The high-resolution LiDAR survey covered approximately 1.3 square kilometres of the primary target zone, where previous sampling has indicated potential for high-purity silica mineralization. The detailed topographic data will be instrumental in ongoing geological interpretation and future resource modeling.

Figure 1. Table Mountain Silica Project & LiDAR Survey Coverage Map

Additionally, the Company has submitted a total of 201 quartzite silica samples to ALS Geochemistry in North Vancouver, B.C. The comprehensive sampling program consisted of 131 grab samples collected across the property and 70 channel samples from 67.12 metres of continuous channeling across 5 channels within the LiDAR survey area. The Company will provide a detailed analysis of the sampling program results once all assays have been received and compiled. *

‘This combination of high-resolution LiDAR surveying and comprehensive sampling represents a major step forward in quantifying Table Mountain’s potential,’ stated Rana Vig, CEO and Director of Troy Minerals. ‘With over 200 samples now at the lab and detailed topographic mapping of our primary target zone complete, we are building a robust technical foundation that will guide our development strategy. The project’s proximity to existing silica operations and infrastructure continues to underscore its strategic importance as we work to position Troy as a significant player in the North American high-purity silica market.’
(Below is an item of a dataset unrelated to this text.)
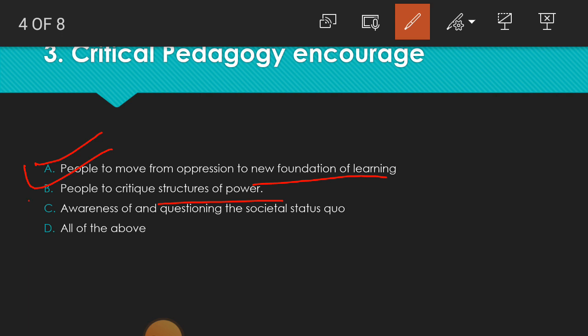Awareness of and questioning the societal status quo — society and children's awareness. So we can say all of the above: critical pedagogy encourages people to move from oppression to a new foundation of learning, people to critique the structure of power, and awareness of and questioning the societal status quo. So all of the above is the answer.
About the Table Mountain Project

The Table Mountain Silica Project consists of 1,698 hectares located 4 kilometres east of Golden, B.C., with excellent year-round access and proximity to the Canadian Pacific Railway Golden Rail Yard (see Figure 1). The property hosts up to 10 kilometers of regionally mapped strike length of the Mount Wilson Formation, with apparent widths ranging from 300 to 1,400 metres at surface. The project is strategically positioned near both the Moberly Silica Mine and the Sinova Quartz silica quarry, which exhibit economic grade silica greater than 99.6% SiO₂ purity.

About Troy Minerals

Troy Minerals is a Canadian based publicly listed mining company focused on building shareholder value through acquisition, exploration, and development of strategically located ‘critical’ mineral assets. Troy is aggressively advancing its projects within the silica (silicon), vanadium and rare earths industries within regions that exhibit high and growing demand for such commodities, in both North America and Central-East Asia. The Company’s primary objective is the near-term prospect of production with a vision of becoming a cash-flowing mining company to ultimately deliver tangible monetary value to shareholders, state, and local communities.

Qualified Person

Technical information in this news release has been reviewed and approved by Case Lewis, P.Geo., a ‘Qualified Person’ as defined under NI 43-101 Standards of Disclosure for Mineral Projects and a director of the Table Mountain Project vendor.

* Cautionary Note

The reader is cautioned that grab samples are selective by nature and may not represent the true grade or style of mineralization across the Property.

ON BEHALF OF THE BOARD,

Rana Vig | President and Director
Telephone: 604-218-4766
Email: rana@ranavig.com

Forward-Looking Statements

Statement Regarding Forward-Looking Information: This release includes certain statements that may be deemed ‘forward-looking statements’. All statements in this release, other than statements of historical facts, that address events or developments that Troy Resources Inc. (the ‘Company’) expects to occur, are forward-looking statements. Forward-looking statements are statements that are not historical facts and are generally, but not always, identified by the words ‘expects’, ‘plans’, ‘anticipates’, ‘believes’, ‘intends’, ‘estimates’, ‘projects’, ‘potential’ and similar expressions, or that events or conditions ‘will’, ‘would’, ‘may’, ‘could’ or ‘should’ occur. Although the Company believes the expectations expressed in such forward-looking statements are based on reasonable assumptions, such statements are not guarantees of future performance and actual results may differ materially from those in the forward-looking statements. Factors that could cause the actual results to differ materially from those in forward-looking statements include results of exploration activities may not show quality and quantity necessary for further exploration or future exploitation of minerals deposits, volatility of commodity prices, and continued availability of capital and financing, permitting and other approvals, and general economic, market or business conditions. Investors are cautioned that any such statements are not guarantees of future performance and actual results or developments may differ materially from those projected in the forward-looking statements. Forward-looking statements are based on the beliefs, estimates and opinions of the Company’s management on the date the statements are made. Except as required by applicable securities laws, the Company undertakes no obligation to update these forward-looking statements in the event that management’s beliefs, estimates or opinions, or other factors, should change.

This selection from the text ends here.